By Mason Inman for National Geographic News
14 July 2006
Galapagos finches:http://news.nationalgeographic.com/news/2006/07/060714-evolution.html
The arrival of the large ground finch species on a Galápagos island in 1982 prompted its relative, the medium ground finch (inset), to evolve. Over just 20 years, the smaller species evolved a smaller beak to avoid competition for food, the first time this effect has been observed in action in the wild.
Photographs courtesy B. Rosemary Grant/Science

Evolution may sometimes happen so fast that it's hard to catch in action, a new study of Galápagos finches suggests. Researchers from New Jersey's Princeton University have observed a species of finch in Ecuador's Galápagos Islands that evolved a smaller beak within a mere two decades. Surprisingly, most of the shift happened within just one generation, the scientists say.

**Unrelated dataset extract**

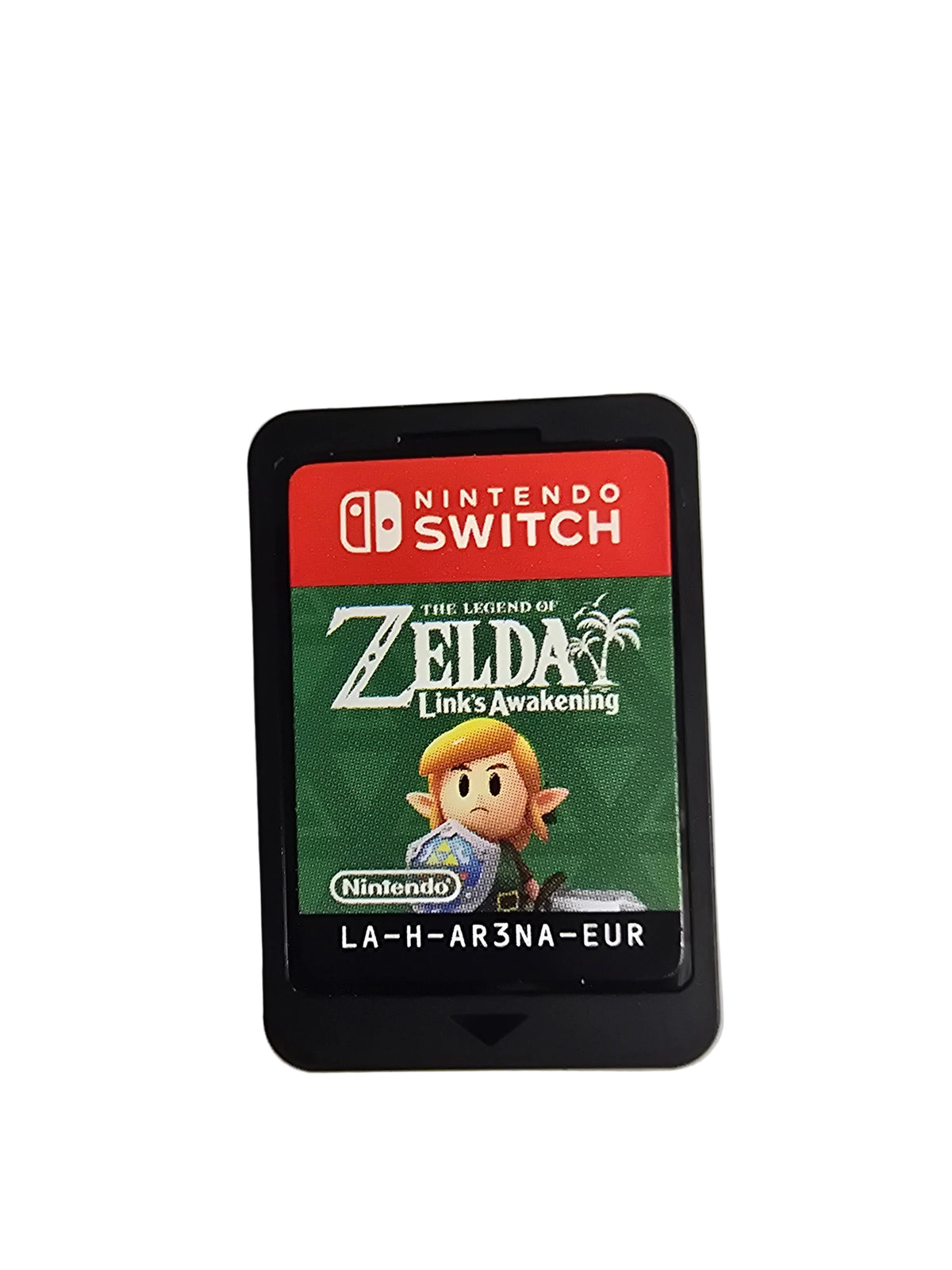 Zelda Link's Awakening (sans boîte) Switch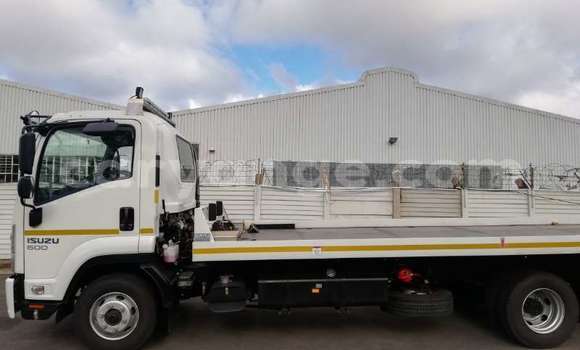 Buy Used Isuzu FTR 850 White Truck in Windhoek in Namibia Buy Used Isuzu FTR 850 White Truck in Windhoek in Namibia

In 1982 the large ground finch arrived on the tiny Galápagos island of Daphne, just east of the island of San Salvador. Since then the medium ground finch, a long-time Daphne resident, has evolved a smaller beak—apparently as a result of direct competition with the larger bird for food. Evolutionary theory had previously suggested that competition between two similar species can drive the animals to evolve in different directions. But until now the effect had never been observed in action in the wild. In the new study, Princeton's Peter and Rosemary Grant closely tracked the two related species for decades and published their results the journal Science.

Changing Beaks, Changing Diet
For both finch species, the researchers note, feeding is a trade-off between effort and payoff. Both species preferentially eat larger seeds, which are harder for their nutcracker-like beaks to break open but hold a bigger reward inside. The bigger the bird's beak, the easier it is to crack open the seeds' coatings.

The already smaller-beaked medium ground finch couldn't successfully compete with the newly arrived large ground finch, which is about twice as big and dominates feeding grounds. Individuals among the medium ground finch that were able to specialize on smaller seeds because they had smaller beaks managed to obtain enough food to breed successfully. The competitive advantage of the larger beaked large ground finch resulted in greater success of the medium ground finches with the smallest beaks. A consequence of strong competition for the shared seed resource led to a greater divergence of beak size between the two species of finches.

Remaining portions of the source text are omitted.